20/09/10 à 07:25 - Mise à jour à 07:25

Source: Le Vif

Elio Di Rupo et Bart De Wever, présidents du PS et de la N-VA, se voient aujourd'hui avec les deux médiateurs royaux, et examineront la suite à donner au processus de négociations. En filigrane, la N-VA est pointée du doigt pour ses blocages continuels.

Sommet capital entre Di Rupo et De Wever

© Belga

La consigne de discrétion semblait être passée dans les différents partis dimanche, à la veille de la réunion entre les présidents du PS et de la N-VA, Bart De Wever et Elio Di Rupo, sous l'égide des deux médiateurs royaux. Au cours de cette rencontre, les deux vainqueurs du scrutin du 13 juin examineront "s'il est possible de passer à une nouvelle phase de négociation", selon les termes du communiqué diffusé par les médiateurs mercredi soir.

Dimanche, sur le plateau des débats télévisés, le PS a évoqué par la voix de Paul Magnette le problème de confiance qui se posait avec la N-VA, encline à ne pas respecter la parole donnée dès qu'un accord était en vue. Selon lui, la N-VA doit dire maintenant si elle est prête ou non à avancer, les partis francophones s'étant montrés à chaque fois conciliants jusqu'à présent.

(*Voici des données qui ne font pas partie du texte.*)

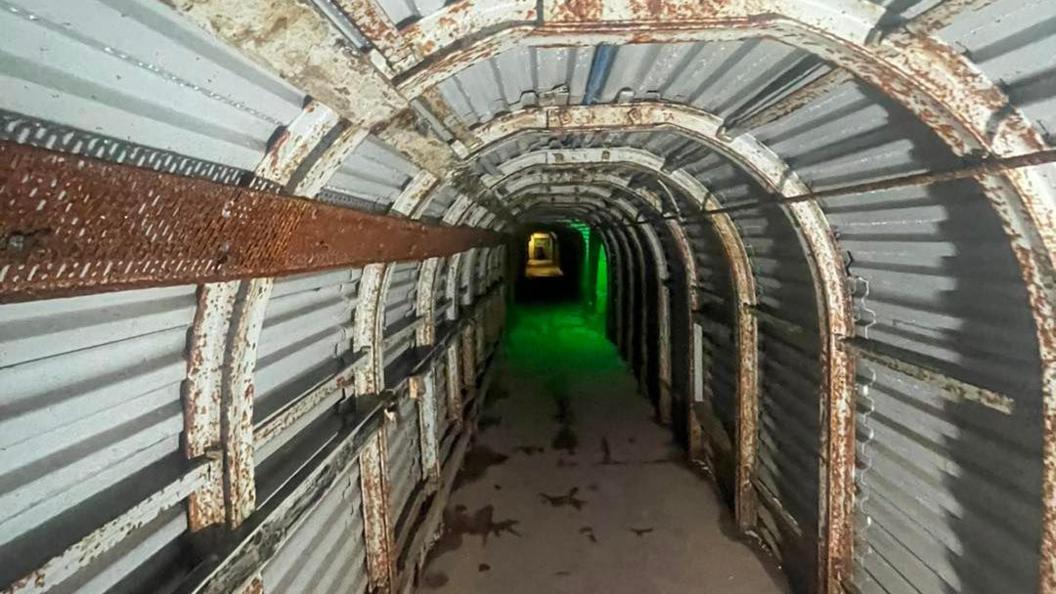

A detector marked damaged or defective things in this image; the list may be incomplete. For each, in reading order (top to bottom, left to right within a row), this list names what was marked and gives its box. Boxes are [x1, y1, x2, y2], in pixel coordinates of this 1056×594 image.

rusty metal beam [0, 141, 502, 302]
rust stain [0, 141, 502, 302]
diagonal rusted girder [0, 140, 504, 302]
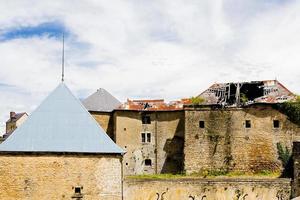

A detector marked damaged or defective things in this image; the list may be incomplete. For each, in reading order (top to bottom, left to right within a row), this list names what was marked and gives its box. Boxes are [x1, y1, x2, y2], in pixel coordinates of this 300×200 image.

broken roof structure [82, 88, 121, 112]
damaged roof [82, 88, 121, 112]
broken roof structure [198, 80, 294, 107]
damaged roof [197, 80, 296, 107]
broken roof structure [0, 83, 124, 155]
damaged roof [0, 83, 125, 155]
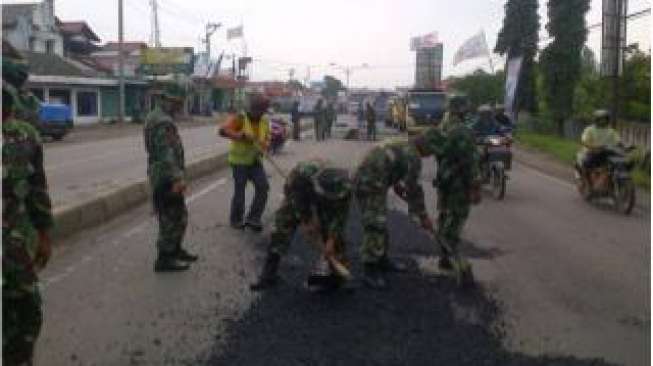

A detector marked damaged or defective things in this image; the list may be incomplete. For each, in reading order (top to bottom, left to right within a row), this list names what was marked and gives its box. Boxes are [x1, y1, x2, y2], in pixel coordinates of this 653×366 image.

asphalt patch [205, 206, 616, 366]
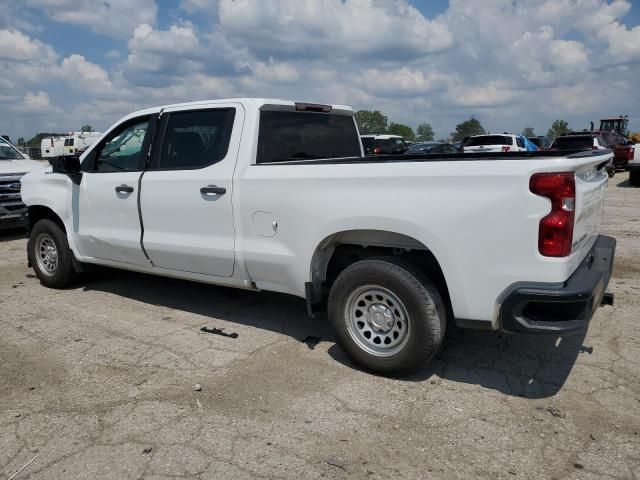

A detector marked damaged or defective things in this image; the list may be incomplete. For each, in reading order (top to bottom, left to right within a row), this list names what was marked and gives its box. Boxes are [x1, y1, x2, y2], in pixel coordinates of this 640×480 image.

cracked pavement [1, 172, 640, 476]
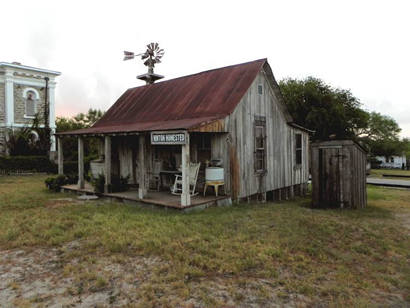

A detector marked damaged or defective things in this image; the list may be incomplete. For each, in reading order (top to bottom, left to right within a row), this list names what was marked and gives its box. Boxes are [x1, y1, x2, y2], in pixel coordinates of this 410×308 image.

rusty corrugated roof [59, 58, 268, 135]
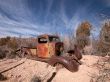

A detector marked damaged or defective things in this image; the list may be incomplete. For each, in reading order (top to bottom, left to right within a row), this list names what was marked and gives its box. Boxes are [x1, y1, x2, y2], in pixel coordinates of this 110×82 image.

rusted truck [15, 34, 82, 72]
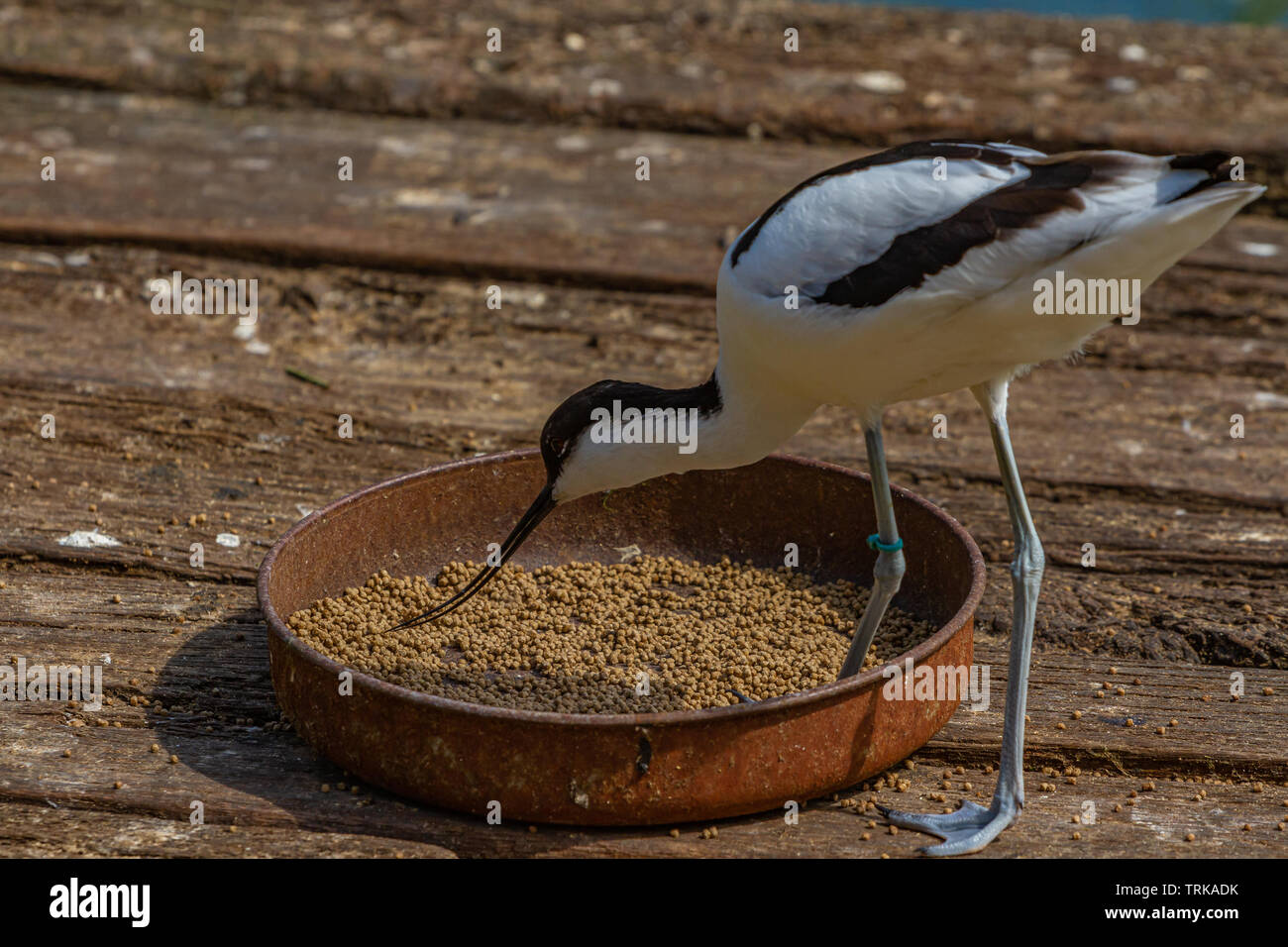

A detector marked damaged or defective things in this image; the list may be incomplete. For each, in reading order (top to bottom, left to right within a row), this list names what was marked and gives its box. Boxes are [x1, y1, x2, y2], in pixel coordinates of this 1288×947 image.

rusty metal bowl [262, 448, 983, 824]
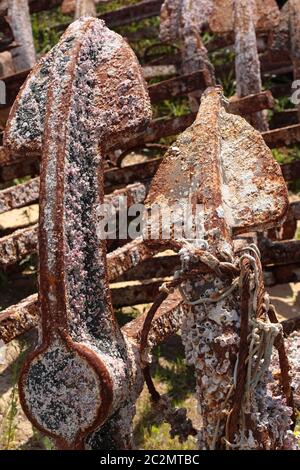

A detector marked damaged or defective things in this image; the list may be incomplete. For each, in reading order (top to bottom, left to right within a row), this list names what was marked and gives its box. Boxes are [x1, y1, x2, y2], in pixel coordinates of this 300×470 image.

rusty anchor [3, 18, 151, 450]
corroded metal surface [6, 18, 151, 450]
rusty anchor [144, 86, 296, 450]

Dans les rangs de certains partis francophones, l'on insistait d'ailleurs sur l'isolement des nationalistes flamands, face aux trois autres partis du nord impliqués dans les discussions. Vendredi, le président ad interim du CD&V, Wouter Beke, qui avait suivi jusqu'à présent la N-VA, a estimé que les négociations pouvaient reprendre. Selon lui, en acceptant de lier le refinancement de Bruxelles à la discussion globale sur la loi de financement, les francophones ont répondu aux préoccupations flamandes.

Dimanche, toujours sur les plateaux de télévision, l'un des fondateurs de la N-VA, Eric Defoort, a réinsisté sur la responsabilisation financière des entités fédérées que réclamait son parti. S'il n'obtient pas l'assurance des partis francophones qu'ils sont prêts à s'engager dans cette voie, il y a peu de chances que les discussions reprennent, a-t-il ajouté.